El Estado concede, regula y vigila “el aprovechamiento racional” de esa riqueza pública, cuya explotación privada está sujeta a condiciones legales, desde la solvencia del empresario al respeto al medio ambiente. No descubro nada si afirmo que en El Bierzo la minería ha funcionado como en el Lejano Oeste, incluyendo forajidos, güisqui y puticlubs. La fiebre del oro negro bautizó Ponferrada como «la ciudad del dólar», retratada en películas y novelas: El año del wólfram, de Guerra Garrido, o la reciente De carbón y nieve de Eduardo Fra Molinero.
«La minería creó mucha riqueza», dicen.
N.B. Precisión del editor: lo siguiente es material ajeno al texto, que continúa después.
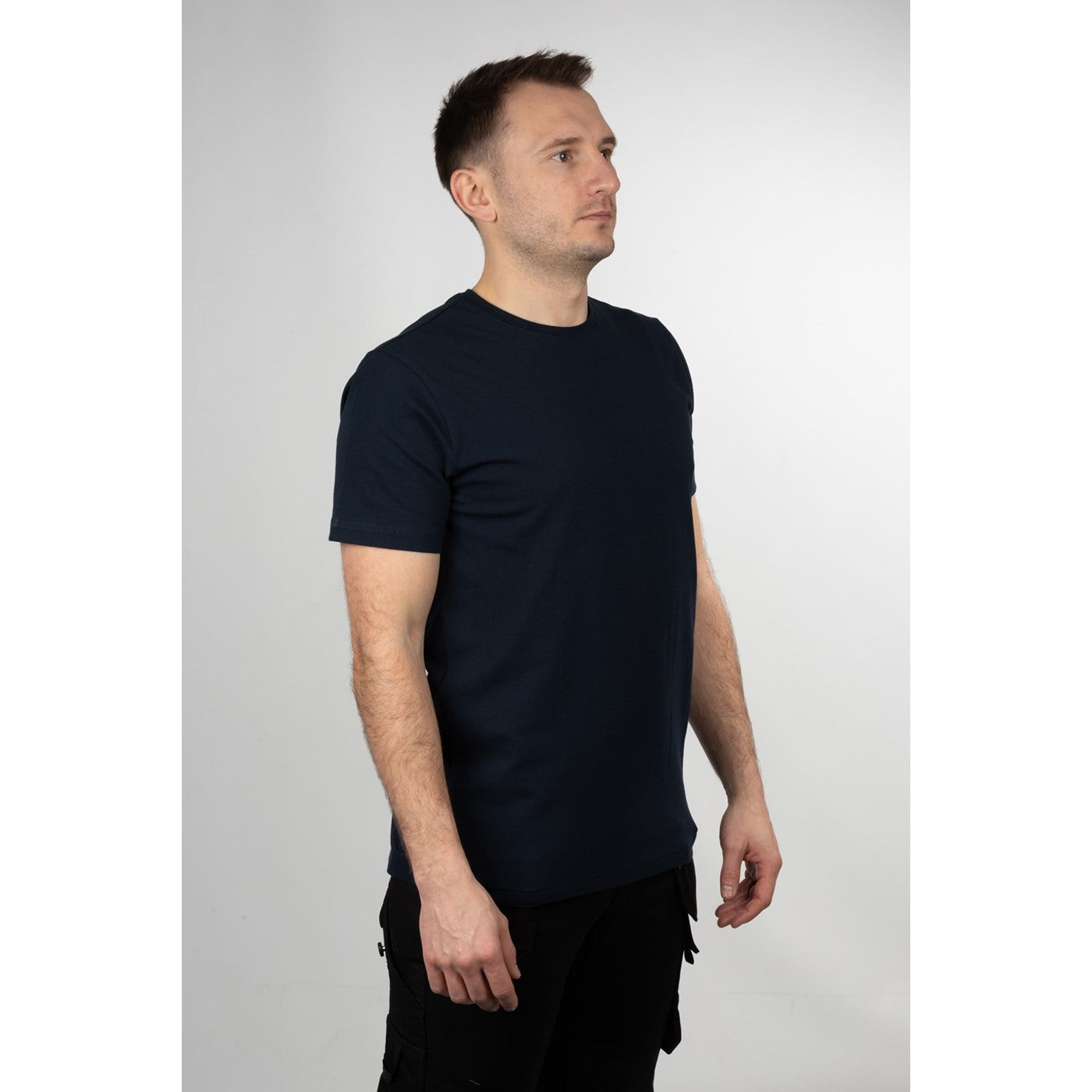 Helly Hansen Workwear Kensington T-Shirt  Navy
En algunos bolsillos, sí; pero dejó un rastro de secuelas sanitarias, sociales, familiares, laborales y ecológicas del que, una vez amasado el botín, los empresarios-chamiceros se han desentendido, pasando la factura al erario público. Es la regla de oro del capitalismo salvaje: mientras hay beneficio, todo para el saco; si hay pérdidas, que las cubra el Estado. Cuando el negocio empezó a torcerse, lo primero fue echar a los mineros y a sus familias a la puta calle; lo segundo, dejar de pagar el canon al pueblo, la seguridad social y los impuestos e instar quiebras fraudulentas, y traspasar al Presupuesto del Estado eres, indemnizaciones y jubilaciones; lo tercero, abandonar las escombreras, los pozos y las instalaciones, incurriendo en delitos ecológicos graves. Todo ello con absoluta impunidad, mientras se llevaban crudas las ayudas europeas a la reconversión y otros fondos públicos para alargar la agonía del sector.
He visitado esta semana la mina Alto Bierzo en Tremor de Arriba, una vergüenza y un grave delito ecológico por el que alguien tendría que estar pagando en la cárcel, si quedara en este país un poquito de dignidad. Tremor llegó a tener casi dos mil trabajadores y el pueblo era una fiesta: dinero fácil para el chamicero, «carbón de sangre» para el minero («madera de sangre» llama Greenpeace a la madera del Amazonas cortada con sangre indígena). Treinta años después, tiempo medio de una concesión, ¿qué riqueza ha quedado en Tremor?
Cuando visité la mina Alto Bierzo en 2008, bajé al pozo con mis hijas Sandra y Alicia (Viaje interior a la provincia del Bierzo); diez años después aquello es un nido de ratas y herrumbre: la mina no se ha cerrado, como obliga la Ley, se ha abandonado. Allí están tirados, para quien quiera verlos, nóminas y partes de trabajo con datos personales, contratos, escrituras de la Mina Sorpresa o el plano de concesión de la Mina Nos Veremos, además de bombonas, neumáticos, cables, maquinaria, metales pesados y amianto, demasiado amianto.
Tremor es hoy una desolación, un pueblo jubilado, arruinado, hundido, vacío y enfermo. Esta es la herencia –que se quiere hacer invisible– de treinta años de minería en Tremor de Arriba, y en otros muchos lugares del Bierzo. Como diría Prada A Tope: «Nos han dejado ¡mierda!».
Mierda y delitos ecológicos. Basta con mirar el río. Desde las estribaciones de Catoute bajan dos arroyos antaño trucheros, el Fullinas y el Fervienza, que se juntan en el centro del pueblo y forman el río Tremor, afluente del Boeza, a su vez tributario del Sil, cuyas aguas acaban en el embalse de Bárcena para refrigerar térmicas, regar huertas y dar de beber a los bercianos. Toda la mierda que se eche aguas arriba, entra en la cadena ecológica.
Las galerías del pozo Ladil se derrumban y anegan, con la mamposta, el hierro y las mangueras dentro, y por la bocamina fluye un reguero espeso y maloliente, ferruñoso, que ha teñido de color mierda el cauce del Fervienza y del Tremor. Toda la flora y fauna del río han muerto: agua envenenada, y también envenenados los cultivos cercanos. Mierda y miseria es la herencia de la minería en Tremor. Un delito ecológico grave. ¿Hay algún responsable? Pregunten al Seprona, a la Guardia Civil, a la Confederación Hidrográfica (que ha abierto un expediente tarde, mal y arrastro), a la Fiscalía y a laDirección General de Minas de la Junta. En Valladolid saben los nombres de los chamiceros piratas hasta los conserjes. ¡Arriba las ramas!